Ce sommet de trois jours et demi sur la protection de l'enfant est destiné à convaincre les chefs de l'Eglise catholique dans le monde de leur responsabilité individuelle face aux agressions sexuelles sur mineurs, dont les victimes en colère réclament un électrochoc. Keystone/EPA/VINCENZO PINTO / POOL sda-ats

(Keystone-ATS) Le pape François a réclamé jeudi des mesures “concrètes et efficaces” face aux abus sexuels dont des ecclésiastiques sont régulièrement accusés. Il s’est exprimé à l’ouverture d’un sommet de plusieurs jours au Vatican consacré à ce problème qui mine l’Eglise.

“Le peuple de Dieu nous regarde et attend de nous non pas de simples et évidentes condamnations, mais de préparer des mesures concrètes et efficaces”, a dit le souverain pontife. “Il faut du concret”, a-t-il martelé, en s’écartant d’un texte préparé à l’avance.

Un enregistrement audio avec cinq témoignages poignants de victimes a été diffusé en préambule. Le père Hans Zollner, un grand expert de ces questions, a estimé que cette palette de voix de tous les continents permettait de souligner clairement que “ce n’est pas juste un problème nord-américain et européen”.

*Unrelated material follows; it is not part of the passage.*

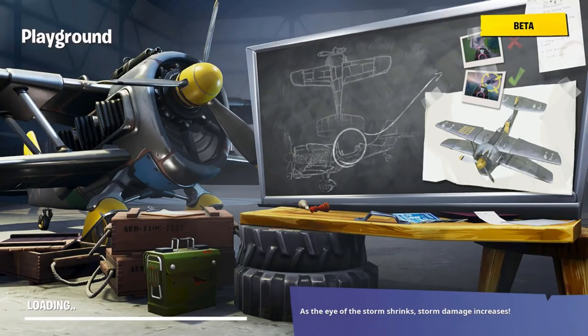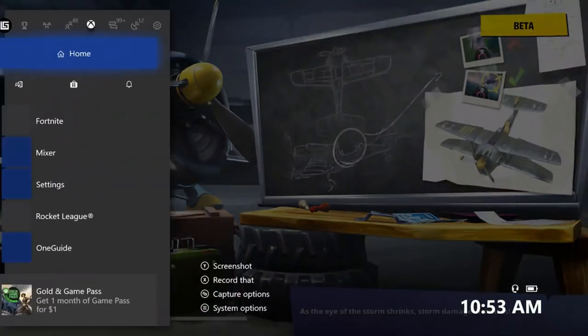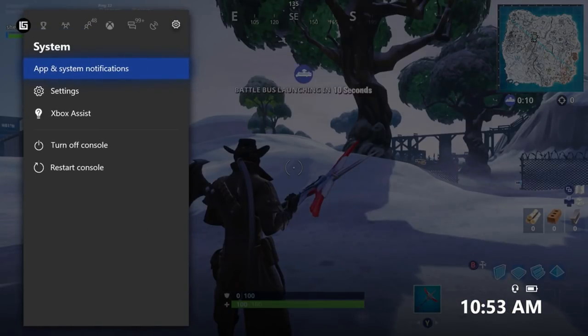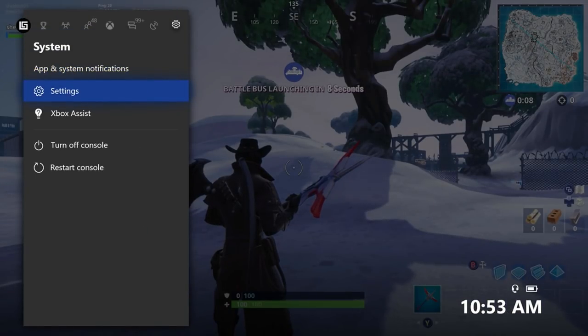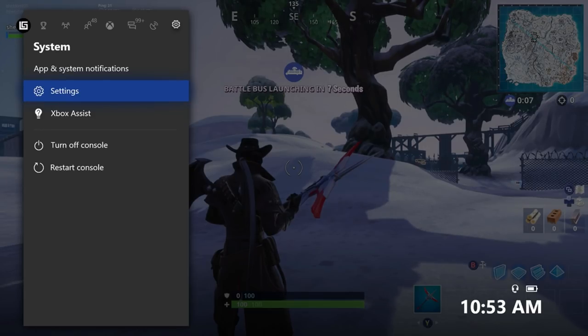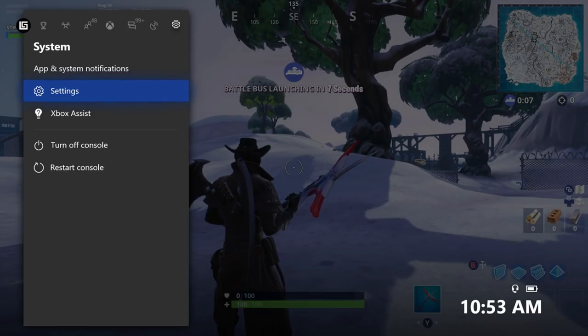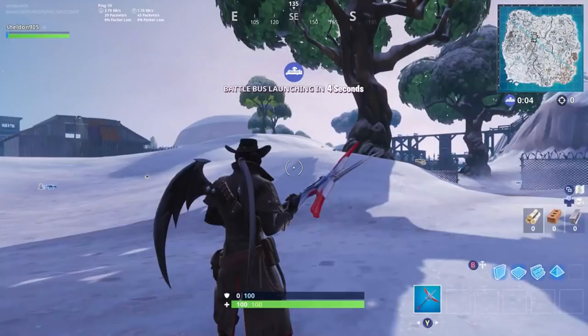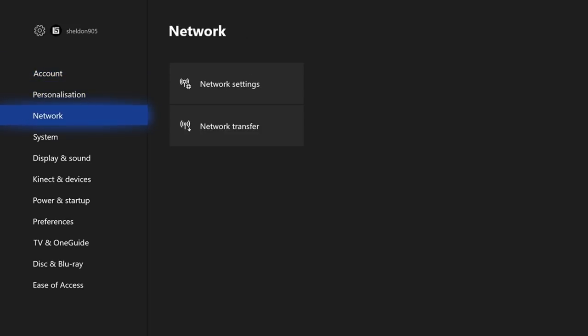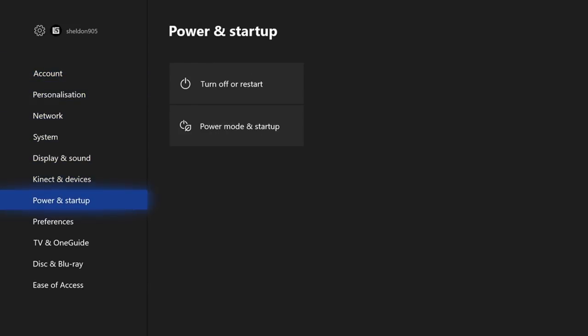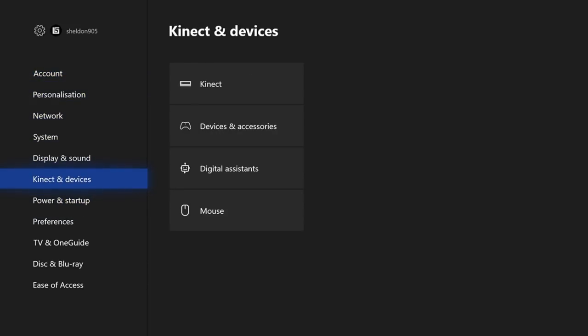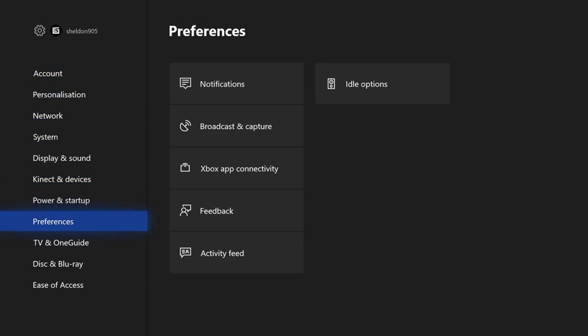First things first the free way. You're going to press the middle button, go to your settings, then go to your preferences and then down to broadcast and capture.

Ce sommet de trois jours et demi sur la protection de l’enfant est destiné à convaincre les chefs de l’Eglise catholique dans le monde de leur responsabilité individuelle face aux agressions sexuelles sur mineurs, dont les victimes en colère réclament un électrochoc. Plus de 190 participants ont fait le chemin de Rome, dont l’évêque de Bâle Felix Gmür, président de la Conférence des évêques suisses.

“Face au fléau des agressions sexuelles perpétrées par des hommes d’Eglise à l’encontre de mineurs”, le pape a demandé à l’assistance d’entendre “le cri des petits qui demandent justice”. L’Eglise, dont la crédibilité a été sévèrement entachée en 2018 par la révélation de nouveaux scandales à grande échelle, au Chili, aux Etats-Unis ou encore en Allemagne, sait qu’elle doit agir au risque de couler.

Pistes de réflexion

Pour des débats concrets, un document en 21 points de réflexion définis par des commissions et des conférences épiscopales a été présenté par le pape aux évêques. Le premier point évoque un “vademecum” spécifiant les démarches à entreprendre si un cas d’agression sexuelle émerge, un document déjà en cours de rédaction à l’intention des régions ne disposant pas d’experts en droit canon.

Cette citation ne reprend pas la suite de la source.